После 1970 года де Бовуар заметно изменилась. Она все чаще стала «выпадать» из «магического круга» «семьи» Сартра, неуклонно пополнявшейся юными членами. Для разговоров о политике, которая по-прежнему привлекала Сартра, у него теперь были другие собеседники. Де Бовуар не испытывала к ним особой симпатии. Ее затягивало женское движение, теперь она много времени уделяла сотрудничеству с различными феминистическими организациями. В книге «В конечном итоге» писательница объяснила, чем привлекла ее та новая разновидность феминизма, которая сложилась в начале 70-х годов. Ее восхищал радикализм неофеминизма, который «берет на вооружение лозунг мая 1968 года: изменить жизнь сегодня же. Не рассчитывать на будущее, а действовать без промедления» (Beauvoir 1972: 492). Особенно активно писательница включилась в женское движение в 1974 году, когда создала «Лигу прав женщин» и начала вести в журнале «Тан модерн» рубрику «Обыкновенный сексизм»[32].
В течение шести лет, на которые де Бовуар пережила скончавшегося в 1980 году Сартра, память о нем не оставляла ее. «Его смерть нас разлучила, — писала она. — Моя смерть не соединит нас. Это так. И все-таки хорошо, что когда-то наши жизни на время переплелись» (Beauvoir 1981: 176). До последних дней жизни де Бовуар осталась верна «сартровской» теме: в 1981 году она опубликовала «Церемонию прощания» (воспоминания о последних годах его жизни) и «Беседы с Ж.-П. Сартром» (см.: Ibid.); в 1983 году — два тома писем Сартра («Письма к Кастору и к некоторым другим» — «Lettres au Castor et à quelques autres»). Искренность, доведенная до безжалостности к себе и близким людям, — такова отличительная черта книги «Церемония прощания». Писательница старалась никогда не приукрашивать жизнь. Она не посмела приукрасить даже те отвратительные увечья, которые старость и болезни наносят духу человека. Для Сартра, каким он предстает перед нами в «Церемонии прощания», давно миновали дни, когда он нес восхищенным народам благую весть экзистенциализма. Сияние его славы померкло, но все еще окутывало слабым золотистым ореолом, отблески которого падали и на тех, кто держался поблизости. Эти золотые искры и притягивали к нему ретивых молодых людей, не брезговавших возможностью манипулировать им в собственных целях и изо всех своих недюжинных сил оттеснявших от Сартра прежних соратников. Под их напором приходилось отступать и де Бовуар.
Симона де Бовуар с молодых лет страдала своего рода «манией интерпретаторства»: поиски различных объяснений поступков и высказываний друзей и знакомых всегда увлекали и ее и Сартра.

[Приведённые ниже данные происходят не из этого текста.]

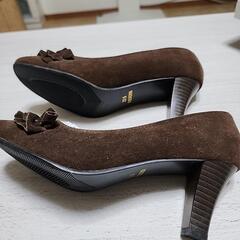 スェードの新品パンプスの画像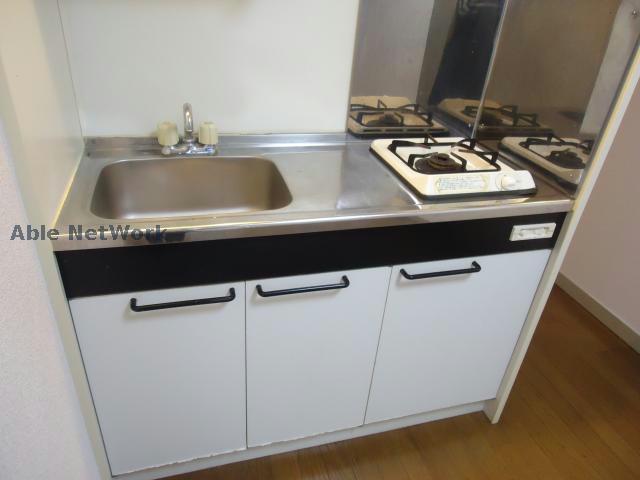 キッチン　※同物件別部屋の写真です。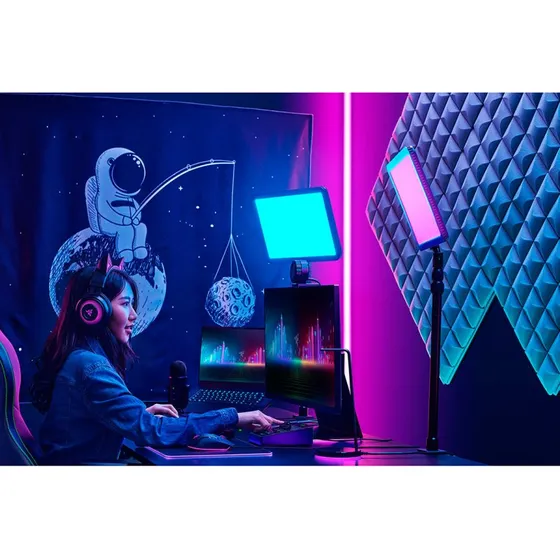Razer Key Light Chroma Spotlight med Bordbeslag (260x360mm)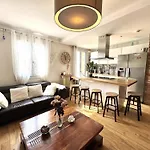 Apartment Bb Ot Petit Balcon De La Providence - Old Town *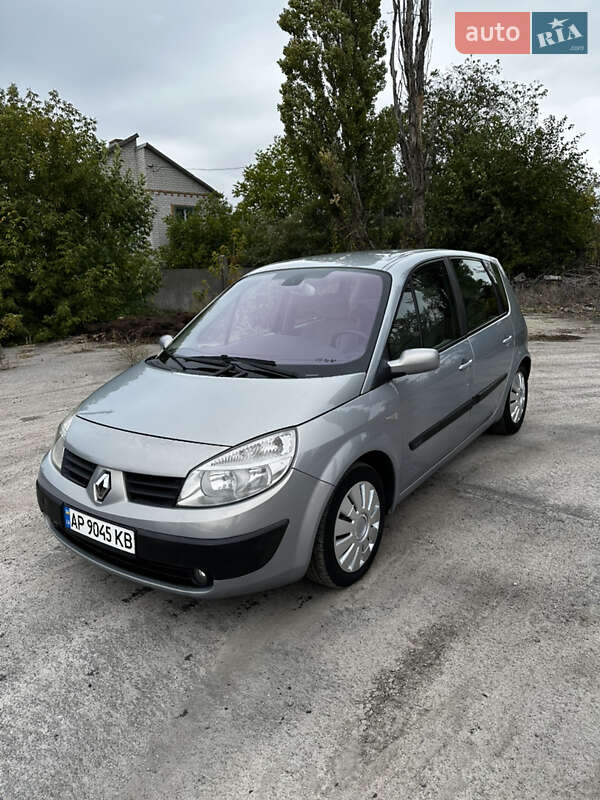 Минивэн Renault Scenic 2003 в Никополе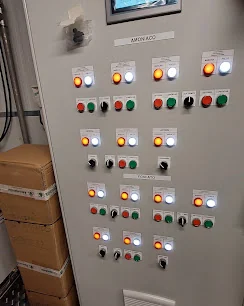 Painel de comando com botões e sinalizadores luminosos
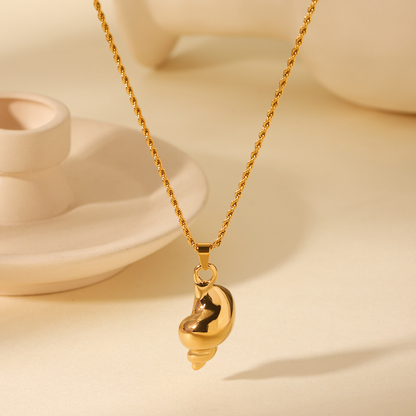 Gold Conch Shell Pendant Necklace – 18K Gold Plated Stainless Steel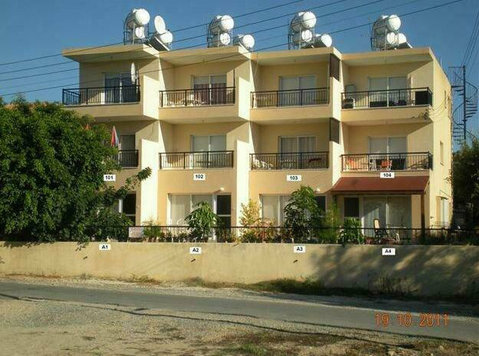 One b/m Apartment for Holidays at Chloraka Paphos - השכרת חופשות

Множественность подходов к фактам биографии любого человека не могла смутить того, кто горячо ратовал «за двусмысленность морали». Вот почему, написав автобиографию, в которой, казалось бы, поведано о себе все, что достойно упоминания, Симона де Бовуар незадолго до смерти согласилась помогать своему биографу, американской исследовательнице Дейдре Бейр — ради «игры биографических зеркал, ради бесконечных отражений и неуловимой правды этих многочисленных отсветов» (Bair 1990: 14). Согласиться с правом людей судить о ней иначе, чем она сама того хотела, — это был ее способ хранить верность себе. Может быть, именно поэтому она столь бережно относилась ко всему, что сберегала память. И может быть, поэтому о жизни писательницы, как и о жизни Сартра, сохранилось так много свидетельств, что существует мнение, будто таких свидетельств больше, чем о жизни любого другого деятеля XX века.

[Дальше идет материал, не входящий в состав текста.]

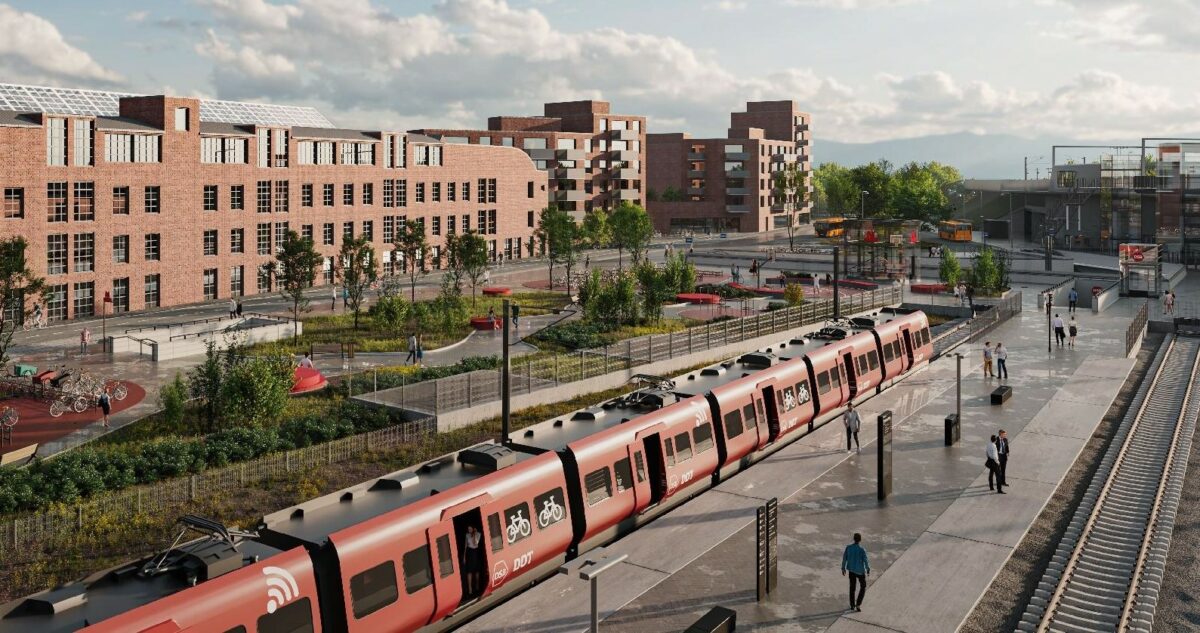 Visualisering af stationspladsen ved Københvan Syd. Der holder et rødt S-tog, cykler er parkeret på en rød bund og der ses en lille park med træer og buske samt to nedgange til metrostationen i beton.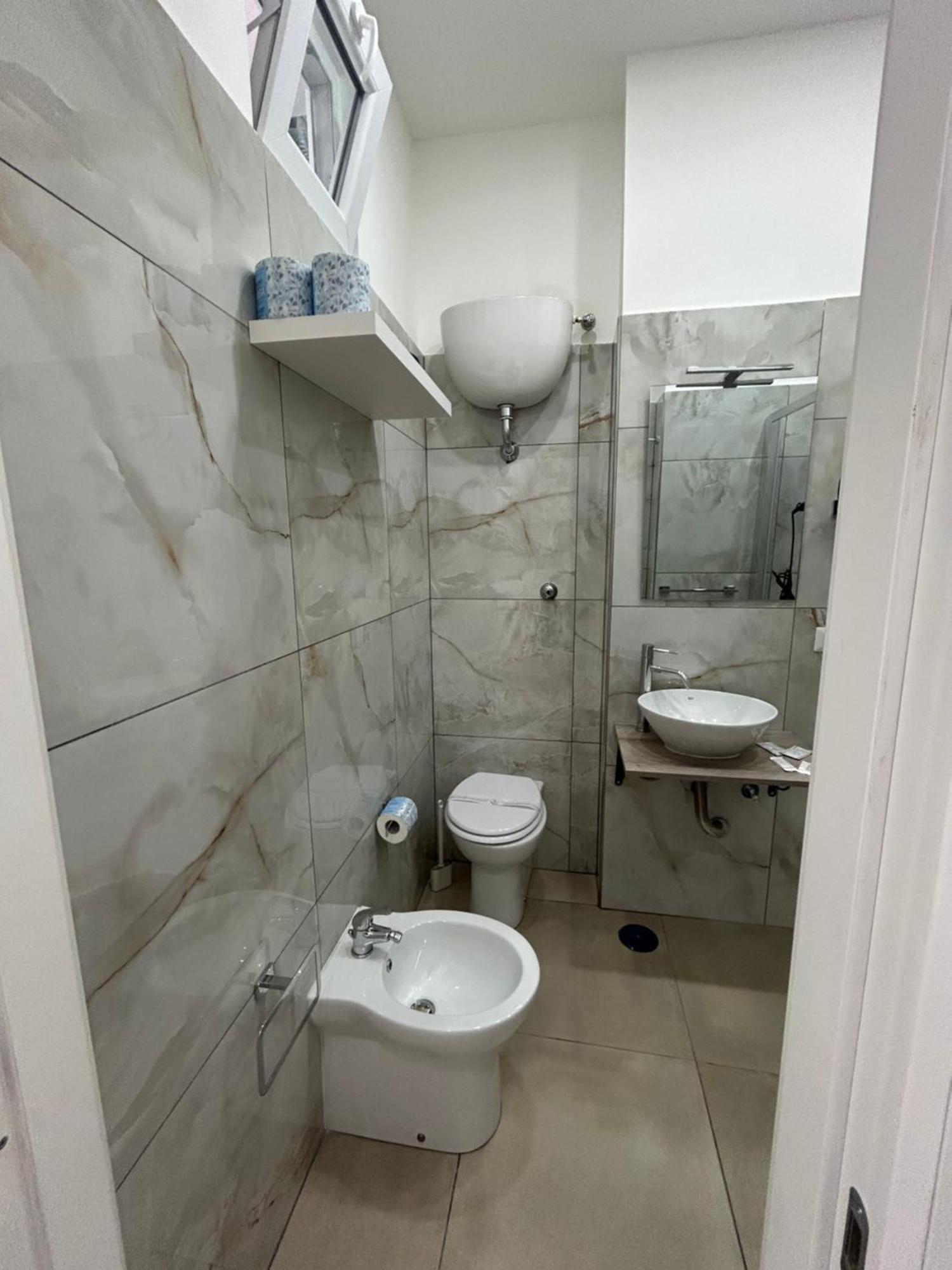 Enjoy Rooms Naples Exterior photo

Трудно, очень трудно было де Бовуар, которая от избытка сил всегда готова была «гореть ярче, чем кто-либо другой, и не важно, в каком пламени» (Beauvoir 1958: 308), смиряться со все ближе подступающей после ухода Сартра тьмой, казавшейся ей особенно враждебной. Но она покорно сносила померкнувший свет своего существования. А потом и этот свет угас: 14 апреля 1986 года она, всего восемь часов не дожив до шестой годовщины со дня смерти Сартра[33], умерла. В течение пяти лет де Бовуар с особой торжественностью отмечала этот знаменательный день. Ей было далеко не безразлично, когда умереть. Тогда, на пороге кончины, она, наверное, напрягала последние силы, чтобы дожить до заветного дня и тем самым сотворить красивый конец мифу о чете интеллектуалов, которые, как в сказке, жили счастливо и умерли в один день. Иными словами, в один и тот же весенний день — 15 апреля, пусть даже с разницей в шесть лет. Ей это почти удалось. Какая жалость, что это удалось ей почти.

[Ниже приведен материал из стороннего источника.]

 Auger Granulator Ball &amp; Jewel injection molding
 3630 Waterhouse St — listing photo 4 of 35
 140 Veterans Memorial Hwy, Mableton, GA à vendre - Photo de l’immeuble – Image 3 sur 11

Существование, по Сартру и де Бовуар, предшествует сущности, и смысл человеческой жизни как бы отложен до того момента, когда смерть все расставит по своим местам (ср.: Derrida, 1996). «Как физику невозможно определить одновременно положение частицы и длину волны, которая ей соответствует, так и у писателя нет способа говорить одновременно о событиях жизни и о ее смысле. Ни один из этих аспектов реальности не является правдивее другого» (Beauvoir 1963: 523). Мы довольно подробно рассказали о событиях жизни писательницы, и настало время сказать несколько слов о другом аспекте: о смысле прожитой ею жизни.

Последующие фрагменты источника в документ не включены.